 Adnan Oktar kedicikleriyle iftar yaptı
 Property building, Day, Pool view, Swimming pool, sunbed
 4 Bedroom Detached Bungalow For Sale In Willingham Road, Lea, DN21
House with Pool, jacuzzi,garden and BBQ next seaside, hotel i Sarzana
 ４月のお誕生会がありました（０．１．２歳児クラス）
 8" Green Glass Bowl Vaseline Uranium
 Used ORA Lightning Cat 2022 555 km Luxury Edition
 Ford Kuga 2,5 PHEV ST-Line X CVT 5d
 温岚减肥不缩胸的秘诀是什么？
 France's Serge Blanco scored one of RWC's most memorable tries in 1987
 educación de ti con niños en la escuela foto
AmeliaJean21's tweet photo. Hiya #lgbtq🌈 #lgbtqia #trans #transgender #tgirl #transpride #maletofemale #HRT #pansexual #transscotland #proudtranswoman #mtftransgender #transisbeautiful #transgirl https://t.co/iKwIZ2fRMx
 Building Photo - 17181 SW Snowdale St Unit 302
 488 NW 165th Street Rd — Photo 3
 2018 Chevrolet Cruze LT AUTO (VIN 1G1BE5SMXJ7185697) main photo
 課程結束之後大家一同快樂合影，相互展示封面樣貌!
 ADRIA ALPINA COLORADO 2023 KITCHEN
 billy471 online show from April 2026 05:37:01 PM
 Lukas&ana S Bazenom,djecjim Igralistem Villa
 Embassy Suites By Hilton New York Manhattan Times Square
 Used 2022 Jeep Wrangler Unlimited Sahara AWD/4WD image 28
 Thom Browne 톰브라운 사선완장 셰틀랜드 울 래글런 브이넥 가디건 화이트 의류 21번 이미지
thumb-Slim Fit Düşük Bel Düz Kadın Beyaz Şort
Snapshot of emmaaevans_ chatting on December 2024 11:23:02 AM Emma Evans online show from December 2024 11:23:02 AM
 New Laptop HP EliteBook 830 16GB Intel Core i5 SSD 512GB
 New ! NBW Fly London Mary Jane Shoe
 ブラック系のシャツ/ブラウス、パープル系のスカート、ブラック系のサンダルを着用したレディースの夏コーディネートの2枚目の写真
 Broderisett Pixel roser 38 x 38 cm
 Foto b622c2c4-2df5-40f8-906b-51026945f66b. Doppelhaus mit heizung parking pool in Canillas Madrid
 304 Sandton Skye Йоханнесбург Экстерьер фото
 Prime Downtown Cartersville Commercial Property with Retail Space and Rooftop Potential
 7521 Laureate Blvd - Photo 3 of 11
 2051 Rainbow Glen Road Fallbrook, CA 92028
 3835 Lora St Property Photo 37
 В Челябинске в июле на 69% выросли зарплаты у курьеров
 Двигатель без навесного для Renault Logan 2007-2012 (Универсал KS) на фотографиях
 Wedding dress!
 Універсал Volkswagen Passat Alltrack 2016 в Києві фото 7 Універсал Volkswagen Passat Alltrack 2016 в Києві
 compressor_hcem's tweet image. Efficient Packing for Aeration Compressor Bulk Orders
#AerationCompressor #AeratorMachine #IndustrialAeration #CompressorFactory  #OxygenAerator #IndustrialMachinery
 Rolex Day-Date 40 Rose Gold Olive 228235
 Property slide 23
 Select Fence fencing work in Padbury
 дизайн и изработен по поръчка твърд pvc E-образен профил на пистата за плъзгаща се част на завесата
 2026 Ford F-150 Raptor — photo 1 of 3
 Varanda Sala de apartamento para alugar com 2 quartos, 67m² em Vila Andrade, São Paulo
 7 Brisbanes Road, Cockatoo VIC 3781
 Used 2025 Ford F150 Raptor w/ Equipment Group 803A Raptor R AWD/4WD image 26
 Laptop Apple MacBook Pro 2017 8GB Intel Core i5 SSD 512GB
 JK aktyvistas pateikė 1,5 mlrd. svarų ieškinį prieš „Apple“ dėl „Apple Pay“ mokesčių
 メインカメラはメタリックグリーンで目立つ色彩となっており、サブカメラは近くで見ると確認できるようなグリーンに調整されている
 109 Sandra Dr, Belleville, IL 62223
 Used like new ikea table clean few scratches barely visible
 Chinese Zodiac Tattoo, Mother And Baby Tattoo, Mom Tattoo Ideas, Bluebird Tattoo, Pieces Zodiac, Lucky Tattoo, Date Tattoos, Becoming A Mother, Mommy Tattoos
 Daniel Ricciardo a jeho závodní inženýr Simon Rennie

TASK DESCRIPTION:
Give the data again, unchanged in every line.

ANSWER SPACE:
 Adnan Oktar kedicikleriyle iftar yaptı
 Property building, Day, Pool view, Swimming pool, sunbed
 4 Bedroom Detached Bungalow For Sale In Willingham Road, Lea, DN21
House with Pool, jacuzzi,garden and BBQ next seaside, hotel i Sarzana
 ４月のお誕生会がありました（０．１．２歳児クラス）
 8" Green Glass Bowl Vaseline Uranium
 Used ORA Lightning Cat 2022 555 km Luxury Edition
 Ford Kuga 2,5 PHEV ST-Line X CVT 5d
 温岚减肥不缩胸的秘诀是什么？
 France's Serge Blanco scored one of RWC's most memorable tries in 1987
 educación de ti con niños en la escuela foto
AmeliaJean21's tweet photo. Hiya #lgbtq🌈 #lgbtqia #trans #transgender #tgirl #transpride #maletofemale #HRT #pansexual #transscotland #proudtranswoman #mtftransgender #transisbeautiful #transgirl https://t.co/iKwIZ2fRMx
 Building Photo - 17181 SW Snowdale St Unit 302
 488 NW 165th Street Rd — Photo 3
 2018 Chevrolet Cruze LT AUTO (VIN 1G1BE5SMXJ7185697) main photo
 課程結束之後大家一同快樂合影，相互展示封面樣貌!
 ADRIA ALPINA COLORADO 2023 KITCHEN
 billy471 online show from April 2026 05:37:01 PM
 Lukas&ana S Bazenom,djecjim Igralistem Villa
 Embassy Suites By Hilton New York Manhattan Times Square
 Used 2022 Jeep Wrangler Unlimited Sahara AWD/4WD image 28
 Thom Browne 톰브라운 사선완장 셰틀랜드 울 래글런 브이넥 가디건 화이트 의류 21번 이미지
thumb-Slim Fit Düşük Bel Düz Kadın Beyaz Şort
Snapshot of emmaaevans_ chatting on December 2024 11:23:02 AM Emma Evans online show from December 2024 11:23:02 AM
 New Laptop HP EliteBook 830 16GB Intel Core i5 SSD 512GB
 New ! NBW Fly London Mary Jane Shoe
 ブラック系のシャツ/ブラウス、パープル系のスカート、ブラック系のサンダルを着用したレディースの夏コーディネートの2枚目の写真
 Broderisett Pixel roser 38 x 38 cm
 Foto b622c2c4-2df5-40f8-906b-51026945f66b. Doppelhaus mit heizung parking pool in Canillas Madrid
 304 Sandton Skye Йоханнесбург Экстерьер фото
 Prime Downtown Cartersville Commercial Property with Retail Space and Rooftop Potential
 7521 Laureate Blvd - Photo 3 of 11
 2051 Rainbow Glen Road Fallbrook, CA 92028
 3835 Lora St Property Photo 37
 В Челябинске в июле на 69% выросли зарплаты у курьеров
 Двигатель без навесного для Renault Logan 2007-2012 (Универсал KS) на фотографиях
 Wedding dress!
 Універсал Volkswagen Passat Alltrack 2016 в Києві фото 7 Універсал Volkswagen Passat Alltrack 2016 в Києві
 compressor_hcem's tweet image. Efficient Packing for Aeration Compressor Bulk Orders
#AerationCompressor #AeratorMachine #IndustrialAeration #CompressorFactory  #OxygenAerator #IndustrialMachinery
 Rolex Day-Date 40 Rose Gold Olive 228235
 Property slide 23
 Select Fence fencing work in Padbury
 дизайн и изработен по поръчка твърд pvc E-образен профил на пистата за плъзгаща се част на завесата
 2026 Ford F-150 Raptor — photo 1 of 3
 Varanda Sala de apartamento para alugar com 2 quartos, 67m² em Vila Andrade, São Paulo
 7 Brisbanes Road, Cockatoo VIC 3781
 Used 2025 Ford F150 Raptor w/ Equipment Group 803A Raptor R AWD/4WD image 26
 Laptop Apple MacBook Pro 2017 8GB Intel Core i5 SSD 512GB
 JK aktyvistas pateikė 1,5 mlrd. svarų ieškinį prieš „Apple“ dėl „Apple Pay“ mokesčių
 メインカメラはメタリックグリーンで目立つ色彩となっており、サブカメラは近くで見ると確認できるようなグリーンに調整されている
 109 Sandra Dr, Belleville, IL 62223
 Used like new ikea table clean few scratches barely visible
 Chinese Zodiac Tattoo, Mother And Baby Tattoo, Mom Tattoo Ideas, Bluebird Tattoo, Pieces Zodiac, Lucky Tattoo, Date Tattoos, Becoming A Mother, Mommy Tattoos
 Daniel Ricciardo a jeho závodní inženýr Simon Rennie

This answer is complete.